Collected data entries
□ □ □

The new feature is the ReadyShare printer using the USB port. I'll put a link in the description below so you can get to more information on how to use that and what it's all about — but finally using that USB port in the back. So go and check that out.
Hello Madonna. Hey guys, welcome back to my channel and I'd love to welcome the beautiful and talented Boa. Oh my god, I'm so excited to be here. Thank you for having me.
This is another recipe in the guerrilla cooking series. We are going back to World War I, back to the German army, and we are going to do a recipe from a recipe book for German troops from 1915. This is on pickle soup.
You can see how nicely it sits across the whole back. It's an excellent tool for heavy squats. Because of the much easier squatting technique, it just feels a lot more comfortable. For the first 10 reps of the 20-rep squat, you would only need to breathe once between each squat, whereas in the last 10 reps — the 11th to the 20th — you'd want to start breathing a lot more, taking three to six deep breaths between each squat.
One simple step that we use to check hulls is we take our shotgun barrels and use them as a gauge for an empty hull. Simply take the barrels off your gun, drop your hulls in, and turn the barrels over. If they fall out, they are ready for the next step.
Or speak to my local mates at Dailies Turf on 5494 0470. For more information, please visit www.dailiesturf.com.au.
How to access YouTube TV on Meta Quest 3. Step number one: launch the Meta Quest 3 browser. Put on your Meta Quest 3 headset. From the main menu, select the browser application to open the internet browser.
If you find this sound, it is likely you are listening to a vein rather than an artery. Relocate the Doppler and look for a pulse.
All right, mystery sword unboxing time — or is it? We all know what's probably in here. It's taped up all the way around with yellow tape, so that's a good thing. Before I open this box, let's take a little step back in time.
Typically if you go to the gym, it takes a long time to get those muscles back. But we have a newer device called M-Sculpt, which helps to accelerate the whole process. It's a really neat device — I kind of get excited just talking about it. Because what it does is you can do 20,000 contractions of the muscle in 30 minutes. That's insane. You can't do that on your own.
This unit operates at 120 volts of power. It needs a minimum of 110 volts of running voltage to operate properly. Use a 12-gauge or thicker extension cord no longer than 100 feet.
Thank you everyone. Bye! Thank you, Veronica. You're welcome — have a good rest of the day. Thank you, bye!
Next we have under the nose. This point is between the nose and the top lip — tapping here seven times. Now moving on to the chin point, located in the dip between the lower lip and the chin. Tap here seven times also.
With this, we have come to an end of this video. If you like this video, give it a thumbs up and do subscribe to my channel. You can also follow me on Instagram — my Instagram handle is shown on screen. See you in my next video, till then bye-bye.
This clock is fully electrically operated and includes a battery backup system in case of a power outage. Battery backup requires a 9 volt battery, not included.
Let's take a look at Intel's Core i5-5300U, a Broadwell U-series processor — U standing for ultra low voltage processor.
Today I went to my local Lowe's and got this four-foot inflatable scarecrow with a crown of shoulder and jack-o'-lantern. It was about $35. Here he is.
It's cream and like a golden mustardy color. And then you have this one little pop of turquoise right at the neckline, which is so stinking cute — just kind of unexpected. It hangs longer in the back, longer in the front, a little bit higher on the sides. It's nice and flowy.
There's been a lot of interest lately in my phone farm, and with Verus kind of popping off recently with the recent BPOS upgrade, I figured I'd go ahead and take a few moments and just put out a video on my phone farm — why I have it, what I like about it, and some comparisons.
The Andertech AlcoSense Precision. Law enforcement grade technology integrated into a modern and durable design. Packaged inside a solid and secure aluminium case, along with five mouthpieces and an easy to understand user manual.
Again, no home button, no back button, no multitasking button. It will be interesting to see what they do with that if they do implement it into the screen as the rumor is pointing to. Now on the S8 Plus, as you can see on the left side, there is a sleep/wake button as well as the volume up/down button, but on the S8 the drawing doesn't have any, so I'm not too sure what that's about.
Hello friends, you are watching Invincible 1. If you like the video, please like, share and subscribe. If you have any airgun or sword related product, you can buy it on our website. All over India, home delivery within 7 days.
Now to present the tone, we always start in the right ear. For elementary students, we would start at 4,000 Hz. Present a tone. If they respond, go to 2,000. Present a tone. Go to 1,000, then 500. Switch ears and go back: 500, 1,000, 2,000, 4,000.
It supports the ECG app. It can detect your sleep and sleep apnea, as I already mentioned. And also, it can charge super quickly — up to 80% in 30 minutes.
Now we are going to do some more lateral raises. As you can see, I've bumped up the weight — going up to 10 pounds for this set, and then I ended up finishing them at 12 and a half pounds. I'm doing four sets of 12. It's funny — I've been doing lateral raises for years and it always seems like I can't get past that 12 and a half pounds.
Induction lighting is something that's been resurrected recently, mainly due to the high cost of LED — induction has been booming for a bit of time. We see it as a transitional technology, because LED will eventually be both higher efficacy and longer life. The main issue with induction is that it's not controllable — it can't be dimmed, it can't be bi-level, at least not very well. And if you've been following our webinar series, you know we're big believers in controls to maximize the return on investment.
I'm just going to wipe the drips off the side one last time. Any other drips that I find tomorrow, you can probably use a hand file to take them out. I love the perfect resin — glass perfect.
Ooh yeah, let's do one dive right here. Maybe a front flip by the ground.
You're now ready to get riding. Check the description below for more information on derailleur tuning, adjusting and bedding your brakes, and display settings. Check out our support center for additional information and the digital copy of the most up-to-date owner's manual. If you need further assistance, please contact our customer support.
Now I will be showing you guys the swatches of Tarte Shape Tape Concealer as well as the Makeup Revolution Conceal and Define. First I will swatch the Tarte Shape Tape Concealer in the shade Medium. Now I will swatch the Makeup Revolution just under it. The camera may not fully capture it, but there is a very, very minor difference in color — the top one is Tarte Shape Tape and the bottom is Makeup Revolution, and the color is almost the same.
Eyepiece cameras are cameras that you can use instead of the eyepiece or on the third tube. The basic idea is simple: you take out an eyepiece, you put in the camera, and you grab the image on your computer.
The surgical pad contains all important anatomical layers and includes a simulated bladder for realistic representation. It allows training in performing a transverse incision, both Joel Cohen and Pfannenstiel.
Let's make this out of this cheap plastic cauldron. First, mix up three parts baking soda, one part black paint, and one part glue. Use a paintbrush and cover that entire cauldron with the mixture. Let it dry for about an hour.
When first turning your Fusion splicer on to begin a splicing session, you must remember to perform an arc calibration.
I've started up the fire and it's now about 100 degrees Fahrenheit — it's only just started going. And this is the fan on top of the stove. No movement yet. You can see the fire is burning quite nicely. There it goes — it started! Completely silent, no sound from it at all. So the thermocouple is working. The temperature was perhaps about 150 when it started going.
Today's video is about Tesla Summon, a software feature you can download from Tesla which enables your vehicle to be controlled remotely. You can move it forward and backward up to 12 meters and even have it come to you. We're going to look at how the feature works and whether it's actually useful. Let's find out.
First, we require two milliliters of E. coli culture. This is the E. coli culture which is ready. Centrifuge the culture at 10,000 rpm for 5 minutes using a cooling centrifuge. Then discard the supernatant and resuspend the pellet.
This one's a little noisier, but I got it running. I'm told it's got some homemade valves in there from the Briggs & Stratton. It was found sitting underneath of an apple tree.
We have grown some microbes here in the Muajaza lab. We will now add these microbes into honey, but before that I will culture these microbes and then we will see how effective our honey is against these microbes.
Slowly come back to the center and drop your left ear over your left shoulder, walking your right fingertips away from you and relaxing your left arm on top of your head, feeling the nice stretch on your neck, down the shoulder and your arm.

□ □ □

#### Exercise goal
Which lines hold the word "only"? Copy each of them from the records.

#### Reply
You can see how nicely it sits across the whole back. It's an excellent tool for heavy squats. Because of the much easier squatting technique, it just feels a lot more comfortable. For the first 10 reps of the 20-rep squat, you would only need to breathe once between each squat, whereas in the last 10 reps — the 11th to the 20th — you'd want to start breathing a lot more, taking three to six deep breaths between each squat.
I've started up the fire and it's now about 100 degrees Fahrenheit — it's only just started going. And this is the fan on top of the stove. No movement yet. You can see the fire is burning quite nicely. There it goes — it started! Completely silent, no sound from it at all. So the thermocouple is working. The temperature was perhaps about 150 when it started going.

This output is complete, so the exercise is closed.